2026-06-23 21:03:00, Kosova & Bota CNA

Merz supports plans to raise retirement age in Germany

Germany will gradually raise the retirement age to around 70 by the early 2090s, according to recommendations backed by Chancellor Friedrich Merz, as a means of preparing the pension system for the future of an aging population.

Presenting its findings on Tuesday, an expert commission set up to review reforms to the pension system said the retirement age should be linked to increasing life expectancy and early retirement should be abolished.

“No citizen should worry,” Merz said, adding that the measures would prevent the collapse of the crumbling pension system and strengthen the social contract between generations. Young people, he argued, would be given “reason for optimism” by the measures, which would “lift a huge burden” off their shoulders.

The expert commission held long daily sessions from January until presenting its 33-point plan on Tuesday.

Among its main recommendations are that mandatory contributions made by employees and employers be invested in the stock market in order to grow and protect the value of the fund for future generations. It also proposed expanding mandatory pension contributions to include civil servants and self-employed workers.
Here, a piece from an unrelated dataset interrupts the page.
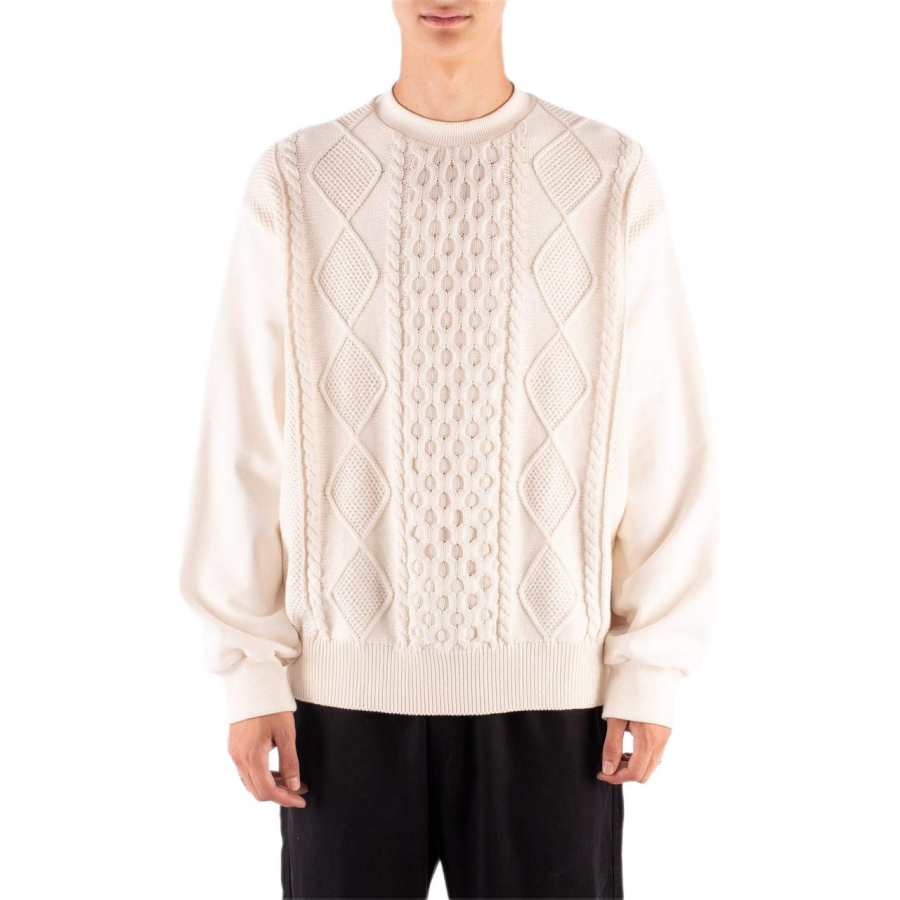 Carhartt WIP Knitwear Men's Beige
The current retirement age for anyone retiring in the early 2030s in Germany is 67, a figure set about two decades ago. The panel said this should gradually increase in line with life expectancy, rising to around 70 by the early 2090s.
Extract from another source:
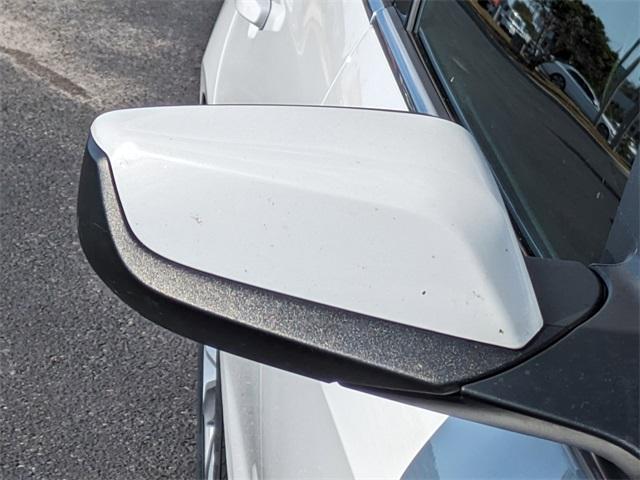 used 2024 Chevrolet Malibu car, priced at $15,749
Germany has one of the fastest-aging populations in the world and, like many Western countries, has faced a challenge of how to ensure its pension system has a future when fewer and fewer workers are funding the pensions of more and more retirees who are living longer and longer.

The government hopes to pass the reforms before the summer recess next month, although they still need to be debated and voted on in parliament. “All elements of this reform package must now be implemented swiftly,” Merz said, insisting: “Failure is not an option.”

The leader of the conservative Christian Democrats said his coalition was united in its unwillingness to get bogged down in the wording mess, after some left-wing members of the government from his junior coalition partners, the Social Democrats, as well as unions, had questioned the fairness of some of the recommendations.

Critics targeted the proposal to remove the right for those who have worked for 45 years to retire at age 63 without seeing any reduction in their pension, saying it would penalize those in physically demanding, lower-paid jobs, such as construction workers or caretakers. Experts pointed out that this had often benefited men in well-paid positions who had a proven history of uninterrupted employment.

"We cannot afford isolation or the rejection of individual measures," Merz said, adding that the reform commission had created a "comprehensive concept... that works as a whole."

Merz is under pressure to show that his government - in office for just over a year but struggling in the polls and beset by internal strife - can deliver on its promises of sweeping economic and social reforms in a bid to revive Germany's weakened economy.